Michael Integrator's Testimony
- CoreWeave is at the forefront of America's AI infrastructure revolution, managing over 250,000 GPUs across 30 data centers.
- Revenue has surged by 12,000%, reaching 1.9 billion in 2024.
- Modern AI requires specialized infrastructure beyond traditional cloud computing.
- The computing power necessary for advanced AI models has multiplied approximately 100,000-fold since 2018.
- Focus on policy elements: strategic investment stability, energy infrastructure development, global market access, and public-private partnerships.
Brad Smith's Testimony
- The AI tech stack requires infrastructure, platforms, and applications, emphasizing interconnectedness.
- Congress should focus on innovation (more infrastructure, faster permitting, more electricians and investment in universities).
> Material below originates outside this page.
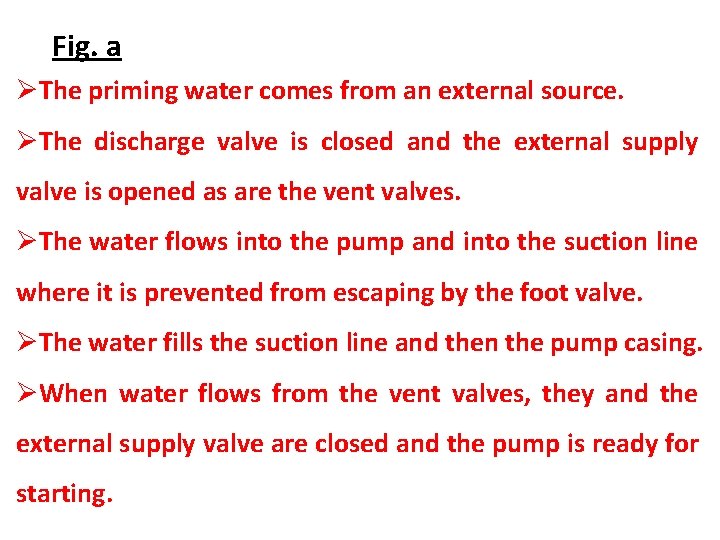 Fig. a ØThe priming water comes from an external source. ØThe discharge valve is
- AI diffusion requires skills investment and education.
- Export strategies must consider that only 4.5% of the world's population lives in the US.
- The goal should be to build machines that help people become better and pursue more interesting careers.
Question and Answer Highlights
- Essential elements for US AI leadership: more electricians, broader AI education, streamlined ability to build large things,policies ,sensible supply chain policy.
- Incentivizing companies to do business in America: supporting compute, infrastructure development (data centers, electricity), universities, regulatory framework.
- Importance of NIST setting standards: establishing a common vocabulary for acceleration.
- The future of work, electricity, and public-private cooperation being the future of innovation.
- Dr. Sue's point that usage spurs innovation.
- Focusing on streamlining the ability to build quickly with energy, which is paramount with the discussion on national resource infrastructure.
- Protecting children, which is another discussion that is being prioritized heavily.
- The development of Stablecoin ecosystems and electricity is extremely important for the U.S. to succeed.
- The issue of bias, also prioritizing inclusion within this technology.
- The impact for scientific research, which may become one of the most important contributions to the world from AI.
- Concerns about high priced energy, potentially having a negative impact to households and ratepayers as more data centers are put into place.
- Emphasizing public-private partnerships as the future of progress and innovation for AI.